The DFT assumes the N samples you provide represent one complete period of a periodic signal. When you compute the N-point DFT, you are implicitly tiling the signal — pretending the N samples repeat forever. If the signal contains a frequency that does not fit an integer number of cycles within your window, the signal's value jumps discontinuously at the boundary between repetitions. That jump has energy at all frequencies, so it contaminates every spectral bin — this is spectral leakage. A pure sinusoid at exactly bin 5 produces energy only at bin 5; a sinusoid at frequency 5.3 (not a whole number of cycles in the window) smears its energy across all N bins.

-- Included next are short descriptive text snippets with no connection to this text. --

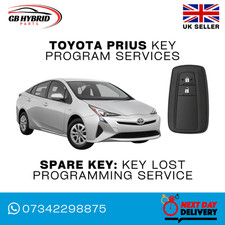 Toyota Prius All Keys Lost and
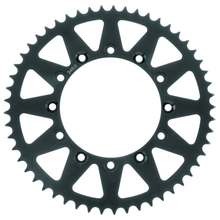 BikeMaster Honda Rear Steel Sprocket 520 53T - Black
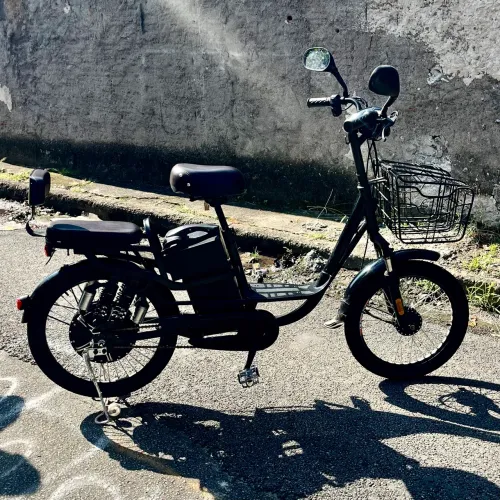 Bicicleta Elétrica SMARTWAY Street 350w Adulto Sem CNH Scooter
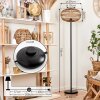 Manteau Lampa Stojąca czarny, 1-punktowy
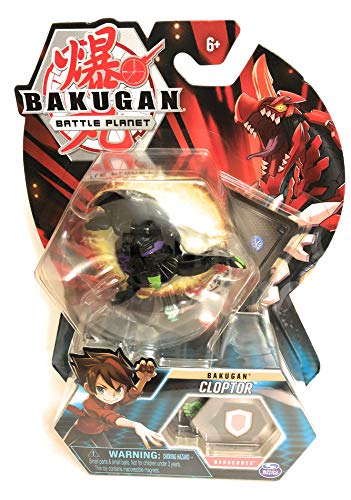 Bakugan, Darkus Cloptor, 5,1 cm hoch, Sammlerstück, transformierende Kreatur, ab 6 Jahren von Bakugan
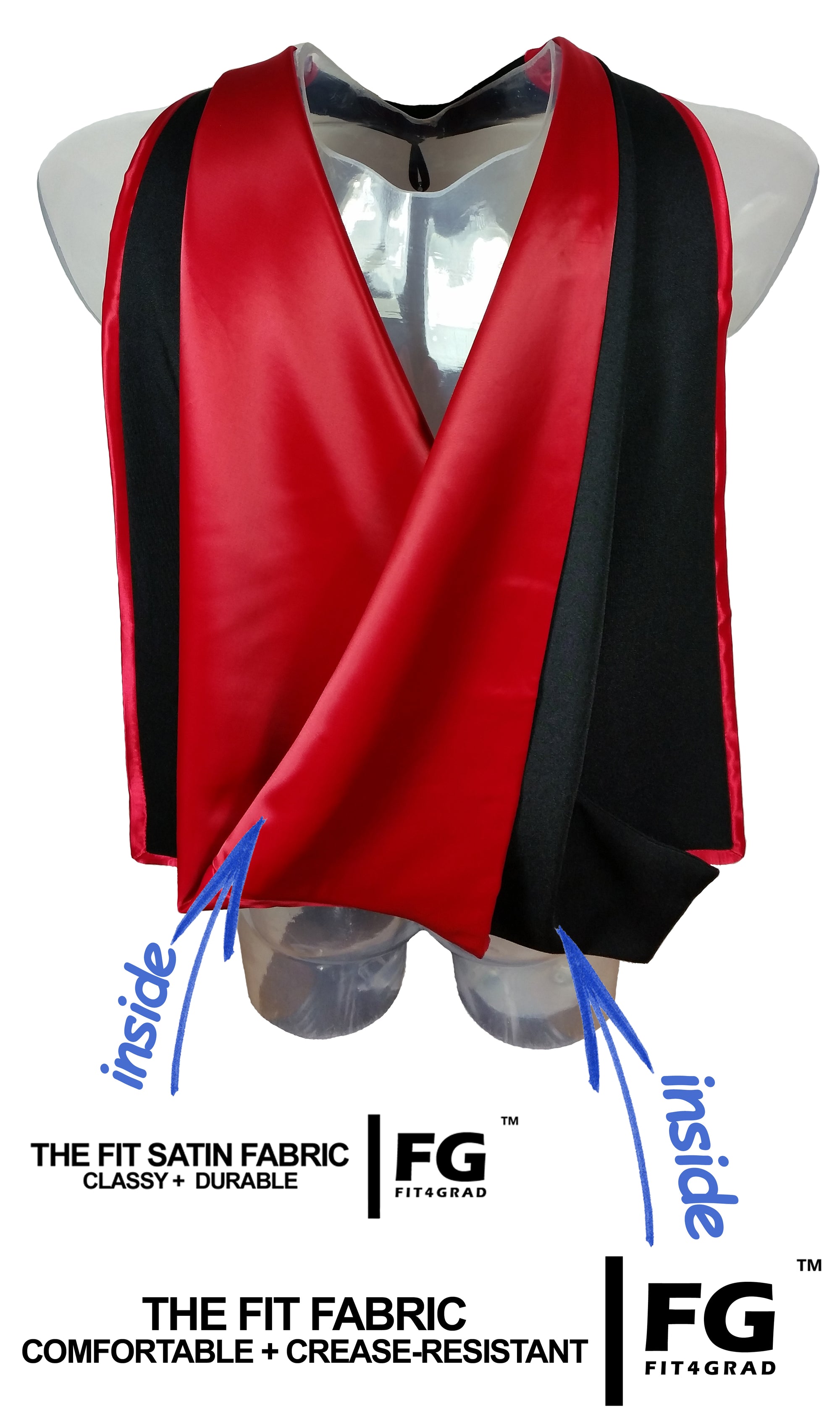 Akademischer Hood - Hauptansicht | COLLEGE FASHION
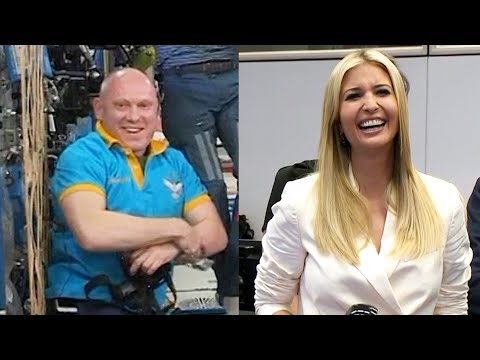 Российский астронавт и Иванка Трамп - Популярные видеоролики!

This connects directly to what you learned about the Fourier transform and the DFT. Computing the N-point DFT of a finite segment of a signal is mathematically equivalent to multiplying the infinite signal by a rectangular pulse of width N, then transforming. In the frequency domain, multiplication becomes convolution: the DFT output is the convolution of the true spectrum with the Fourier transform of the rectangular window. The rectangular window's spectrum is a sinc-like function with a narrow mainlobe but sidelobes at only −13 dB below the peak — meaning a strong frequency can contaminate neighboring bins at 1/5 of its amplitude. The sidelobes fall off slowly, so leakage from a strong tone can bury a nearby weak tone.
The solution is a window function: taper the signal to zero at both edges before computing the DFT. A Hann window multiplies each sample n by w(n) = 0.5(1 − cos(2πn/N)), smoothly reaching zero at n = 0 and n = N−1. This eliminates the edge discontinuity. The cost is that the window's frequency-domain representation has a wider mainlobe — instead of resolving frequencies that differ by 1/N, you now need a separation of roughly 2/N. But the sidelobes drop to −31 dB, dramatically reducing the contamination. A Blackman window achieves −58 dB sidelobes at the cost of a 3/N mainlobe width.
The Kaiser window makes this tradeoff continuous via a parameter β: β = 0 gives a rectangular window, and increasing β widens the mainlobe while suppressing sidelobes. This lets you design the window to meet a specification — if you need to detect a signal 40 dB weaker than a nearby tone, choose β to give ≥40 dB sidelobe attenuation, then accept the resulting resolution loss. The design question is always: do you need to *resolve* close frequencies (want narrow mainlobe, tolerate sidelobes) or *detect* weak signals near strong ones (want low sidelobes, tolerate wider mainlobe)? These requirements pull in opposite directions, and no window satisfies both simultaneously.